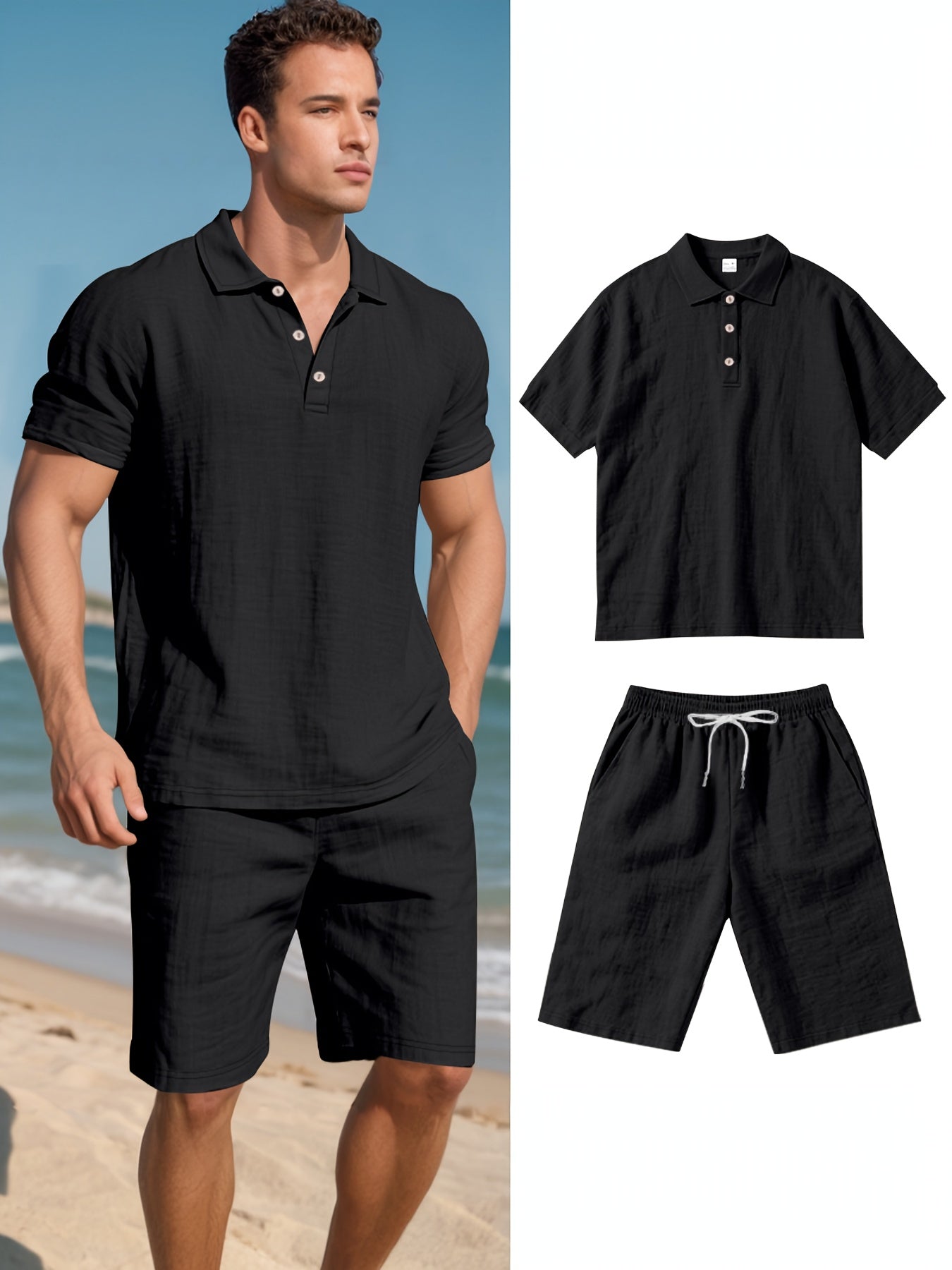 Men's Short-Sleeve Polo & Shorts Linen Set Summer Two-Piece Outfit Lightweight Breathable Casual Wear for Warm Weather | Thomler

——

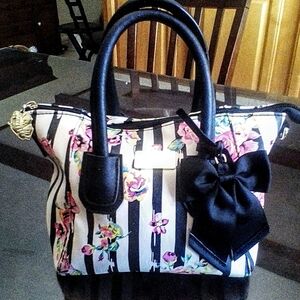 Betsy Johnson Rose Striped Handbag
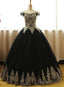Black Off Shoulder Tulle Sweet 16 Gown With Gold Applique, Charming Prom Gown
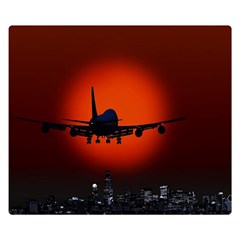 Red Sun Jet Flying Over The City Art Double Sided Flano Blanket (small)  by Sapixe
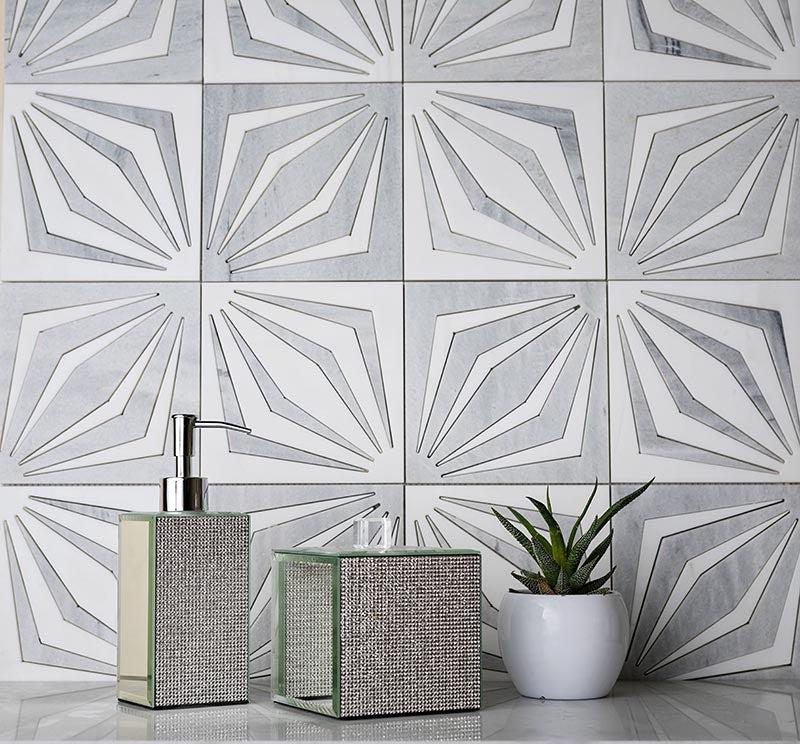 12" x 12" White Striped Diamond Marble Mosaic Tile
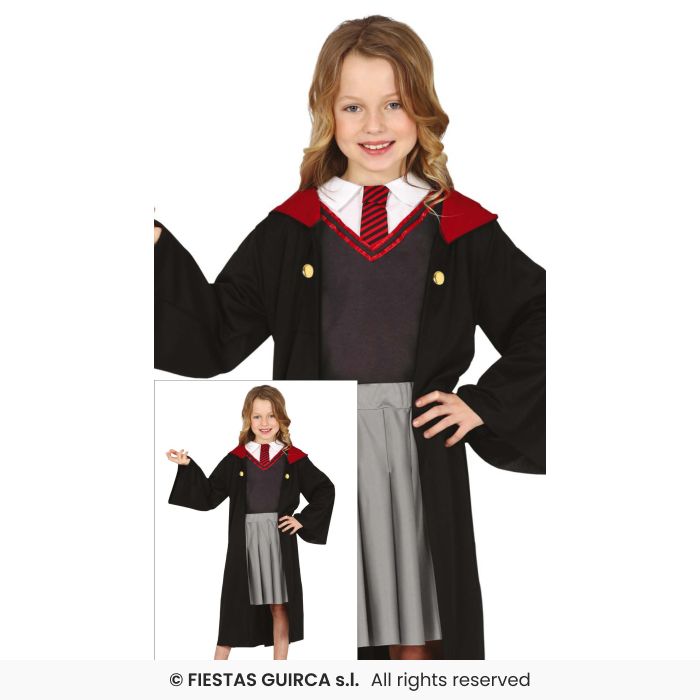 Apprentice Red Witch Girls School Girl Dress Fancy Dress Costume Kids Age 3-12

——

__WHAT THE EXERCISE ASKS__
Excluding any pictures, print exactly the lines of the listing above from the line with "Betsy Johnson Rose Striped Handbag" to the line with "Apprentice Red Witch", both ends included.

__WRITTEN REPLY__
 Betsy Johnson Rose Striped Handbag
Black Off Shoulder Tulle Sweet 16 Gown With Gold Applique, Charming Prom Gown
 Red Sun Jet Flying Over The City Art Double Sided Flano Blanket (small)  by Sapixe
 12" x 12" White Striped Diamond Marble Mosaic Tile
 Apprentice Red Witch Girls School Girl Dress Fancy Dress Costume Kids Age 3-12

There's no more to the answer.